> _PROBLEM REQUIREMENTS_: All of the data, except its images, should be set down exactly as it appears.

** Opening MATERIAL PROVIDED block **

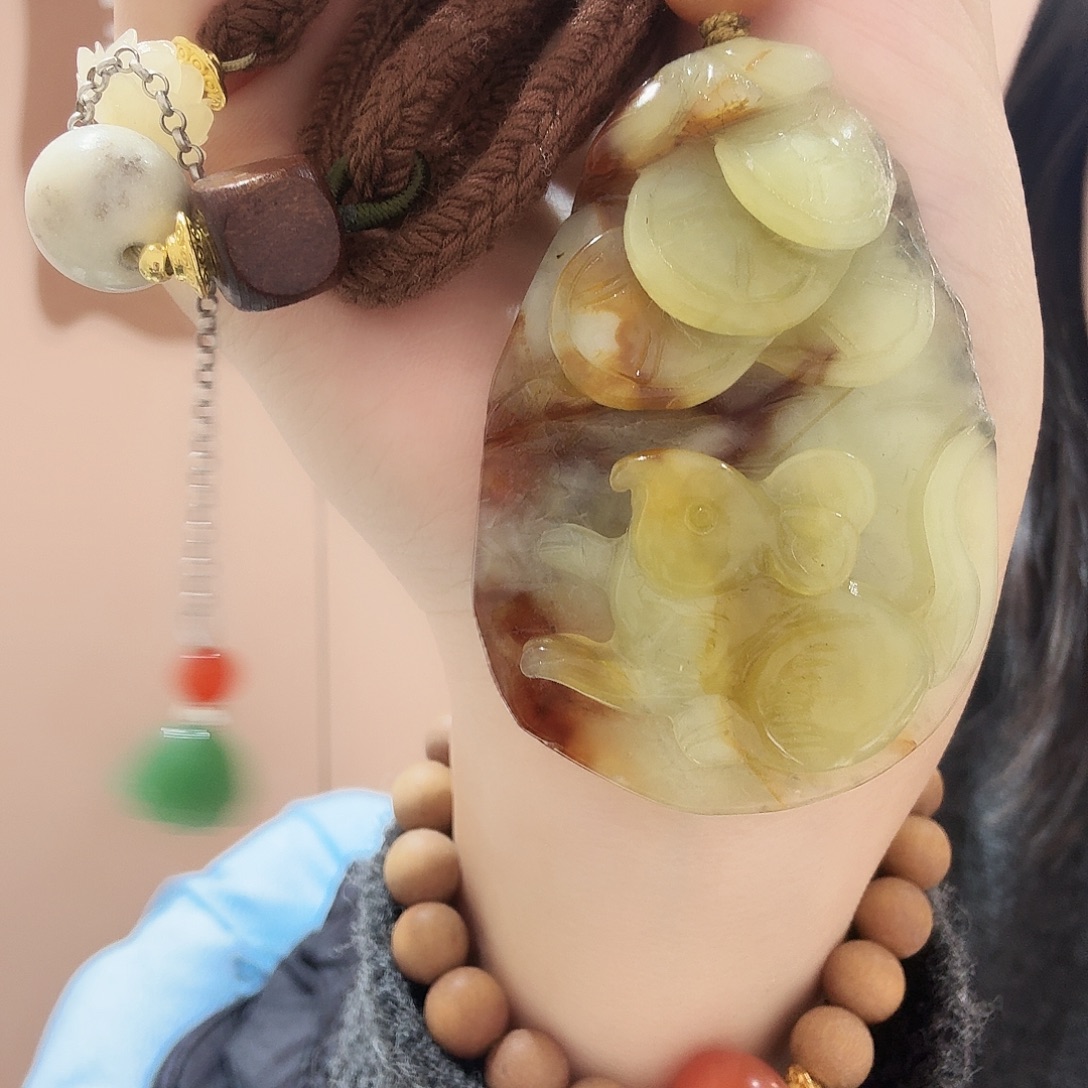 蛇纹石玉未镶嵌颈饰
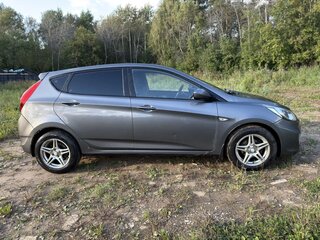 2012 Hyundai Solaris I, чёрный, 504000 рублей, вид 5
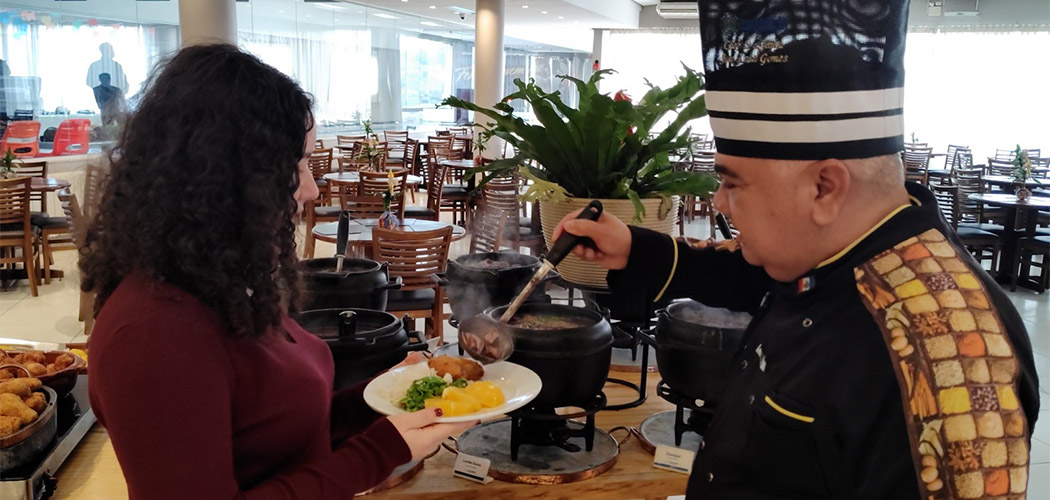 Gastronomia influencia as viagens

** Closing MATERIAL PROVIDED block **

> _TASK RESPONSE_:
 蛇纹石玉未镶嵌颈饰
 2012 Hyundai Solaris I, чёрный, 504000 рублей, вид 5
 Gastronomia influencia as viagens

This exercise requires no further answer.